You are viewing a plain text version of this content. The canonical link for it is here.
Posted to user@pig.apache.org by hc busy <hc...@gmail.com> on 2010/03/08 23:43:33 UTC
more bagging fun
okay. Here's the bag that I have:
{group: (a: int,b: chararray,c: chararray,d: int), TABLE: {number1: int,
number2:int}}
and I want to do this
grunt> CALCULATE= FOREACH TABLE_group GENERATE group, SUM(TABLE.number1 /
TABLE.number2);
grunt> DUMP CALCULATE;
2010-03-08 14:02:41,055 [main] ERROR org.apache.pig.tools.grunt.Grunt -
ERROR 1039: Incompatible types in Multiplication Operator left hand side:bag
right hand side:bag
This seems useful that I may want to calculate an agg. of some arithmetic
operations on member of a bag. Any suggestions?
... Looking at the documentation it looks like I want to do something like
SUM(TABLE.(number1 / number2))
but that doesn't work either :-(
Re: more bagging fun
Posted by hc busy <hc...@gmail.com>.
An additional thought... we can define udf's like
ADD(bag{(int,int)}), DIVIDE(bag{(int,int)}), MULTIPLY(bag{(int,int)}),
SQRT(bag{(float)})..
basically vectorize most of the common arithmetic operations, but then the
language has to support it by converting
bag.a + bag.b
to
ADD(bag.(a,b))
I guess there are some difficulties, for instance:
SQRT(bag.a)+bag.b
How would this work? because sqrt(bag.a) returns a bag, how would we convert
it to the correct per tuple operation?
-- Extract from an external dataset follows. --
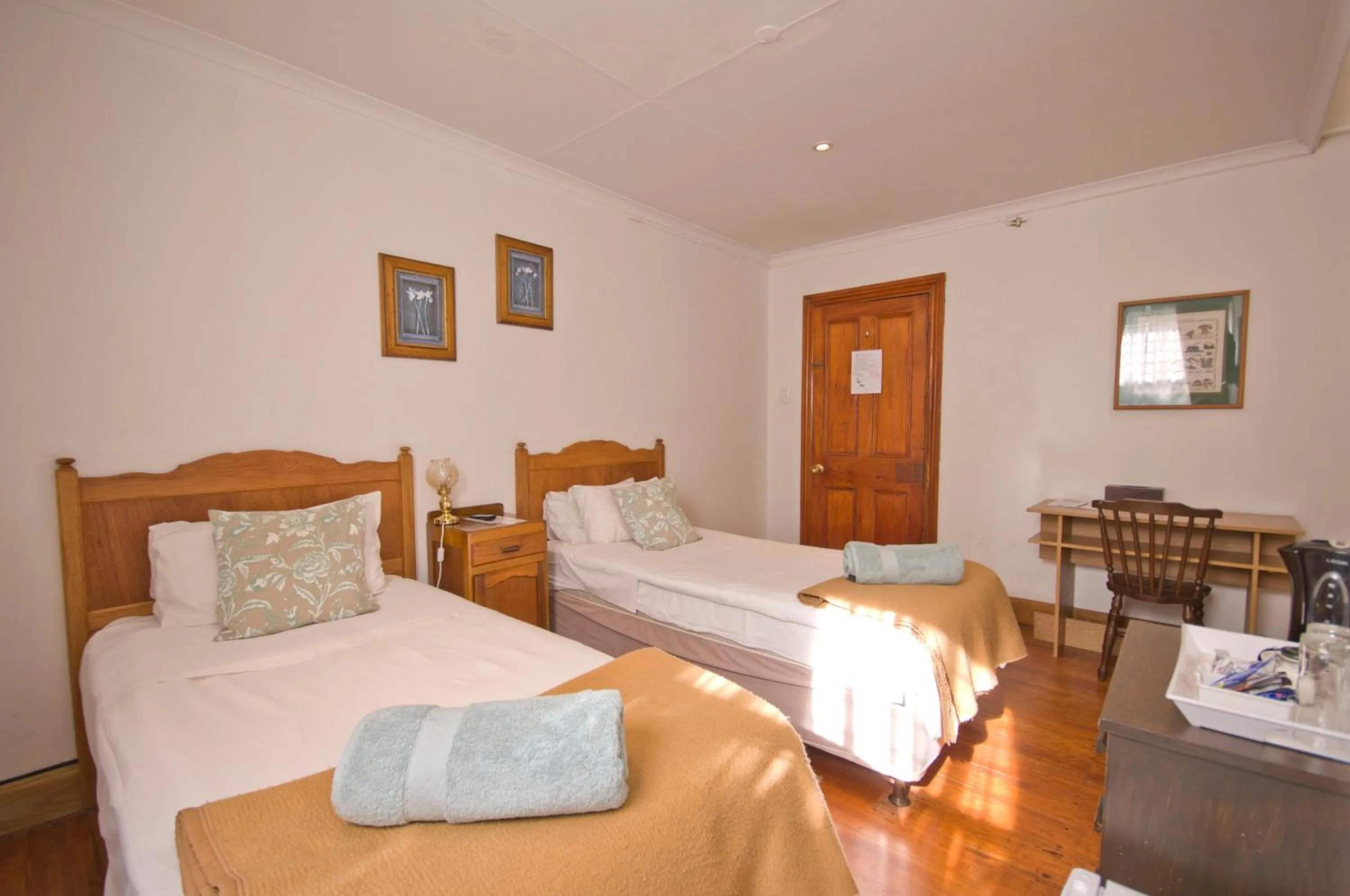 Bed in Knysna Manor House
It's almost like we want to convert
an expression
SUM(SQRT(bag.a),bag.b)
into a function F such that
SUM(SQRT(bag.a),bag.b) = F(bag.a,bag.b)
and then the F is computed by iterating through on each tuple of the bag.
FOREACH ... GENERATE ..., F(bag.(a,b));
On Wed, Mar 10, 2010 at 9:31 AM, hc busy <hc...@gmail.com> wrote:
>
> So, pig team, what is the right way to accomplish this?
>
>
> On Tue, Mar 9, 2010 at 10:50 PM, Mridul Muralidharan <
> mridulm@yahoo-inc.com> wrote:
>
>> On Tuesday 09 March 2010 04:13 AM, hc busy wrote:
>>
>>> okay. Here's the bag that I have:
>>>
>>> {group: (a: int,b: chararray,c: chararray,d: int), TABLE: {number1: int,
>>> number2:int}}
>>>
>>>
>>>
>>> and I want to do this
>>>
>>> grunt> CALCULATE= FOREACH TABLE_group GENERATE group, SUM(TABLE.number1
>>> /
>>> TABLE.number2);
>>>
>>
>>
>> TABLE.number1 actually gives you the bag of number1 values found in TABLE
>> - but I am never really sure of the semantics in these situations since I am
>> slightly nervous that it is impl dependent ... my understanding is, what you
>> are attempting should not work, but I could be wrong.
>>
>> I do know that TABLE.(number1, number2) will consistently project and pair
>> up the fields : so to 'fix' this, you can write your own DIVIDE_SUM which
>> does something like this :
>>
>> grunt> CALCULATE= FOREACH TABLE_group GENERATE group,
>> DIVIDE_SUM(TABLE.(number1 , number2));
>>
>> And DIVIDE_SUM udf impl takes in a bag with tuples containing schema
>> (numerator, denominator) : and returns :
>>
>> result == sum ( foreach tuple ( tuple.numerator / tuple.denominator ) );
>>
>>
>> Obviously, this is not as 'elegant' as your initial code and is definitely
>> more cumbersome ... so clarifying this behavior with someone from pig team
>> will definitely be better before you attempt this.
>>
>>
>> Regards,
>> Mridul
>>
>>
>>
>>> grunt> DUMP CALCULATE;
>>>
>>> 2010-03-08 14:02:41,055 [main] ERROR org.apache.pig.tools.grunt.Grunt -
>>> ERROR 1039: Incompatible types in Multiplication Operator left hand
>>> side:bag
>>> right hand side:bag
>>>
>>>
>>>
>>> This seems useful that I may want to calculate an agg. of some arithmetic
>>> operations on member of a bag. Any suggestions?
>>>
>>> ... Looking at the documentation it looks like I want to do something
>>> like
>>>
>>> SUM(TABLE.(number1 / number2))
>>>
>>> but that doesn't work either :-(
>>>
>>
>>
>
Re: more bagging fun
Posted by hc busy <hc...@gmail.com>.
So, pig team, what is the right way to accomplish this?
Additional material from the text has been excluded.